Siapa sebenarnya otak di balik kenaikan harga BBM ini? Dalam pemikiran saya yang diselubungi kecurigaan menyebutkan, ini karena ulah sang globalisme yang kurang disikapi dengan kesigapan pemerintah negeri ini. Sehingga sering kali, alasan klise yang saya pikir terlalu dibuat-buat ini selalu muncul di halaman depan buku catatan pemerintah kita. Dengan huruf kapital dan tebal selalu dikatakan 'KARENA HARGA MINYAK MENTAH DUNIA NAIK'! Selalu begitu teriak pemerintah kita.

Tapi mereka lupa, atau bahkan tidak pernah mendengar teriakan rakyat 'KALAU HARGA BBM NAIK RAKYAT SENGSARA'! Lantas siapa yang akan bertanggungjawab? Tentu selalu dijawab dengan ungkapan yang sangat klise pula 'SEMUA KALANGAN HARUS BERTANGGUNGJAWAB, TIDAK PANDANG BULU'! Ironis, rakyat yang sengsara harus pula ketiban tanggung jawab besar dari negara. Aneh bukan?

Namun memang harus diakui, di negeri yang serba aneh ini jangankan berharap untuk bisa hidup layak bermimpi untuk hidup enak saja sudah tidak dibolehkan. Lah bagaimana tidak? Orang rakyat meminta agar pemerintah tidak main-main dengan kebijakannya eh...tetap saja selalu rakyat harus menanggung semua yang dilakukan negara. Benar pula ungkapan Jawa 'Anak polah, bapa kepradah'. Dalam ungkapan tersebut dapat kita artikan bahwa negara dilahirkan oleh keinginan bersama rakyat. Maka, dengan demikian negara adalah tak lain anak rakyat, milik rakyat. Dan rakyatlah yang membuat ia ada. Maka tak heran jika kemudian pemerintah benar-benar telah menerapkan hal tersebut ke dalam kehidupan benegara.
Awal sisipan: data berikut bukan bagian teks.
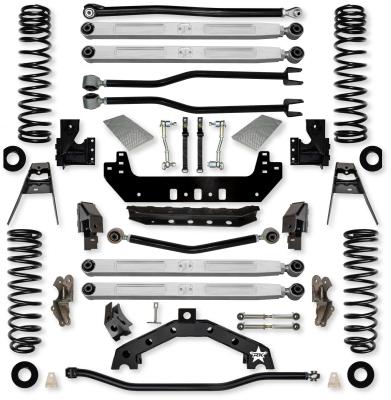 4.5 Inch Adventure X2 Pro Elite Long-Arm Suspension System for Jeep Wrangler JLU Diesel Models With No Shocks Rock Krawler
Pemerintah saat ini terlalu manja. Ia anak cengeng yang tidak terlalu berani untuk melakukan sebuah pengembaraan liar. Ia masih suka menetek ibunya. Ia masih suka mengadu pada bapaknya. Lantas rakyat, bapak sang negara mau mengadu pada siapa? Celakanya, rakyat hanya bisa mengaduh.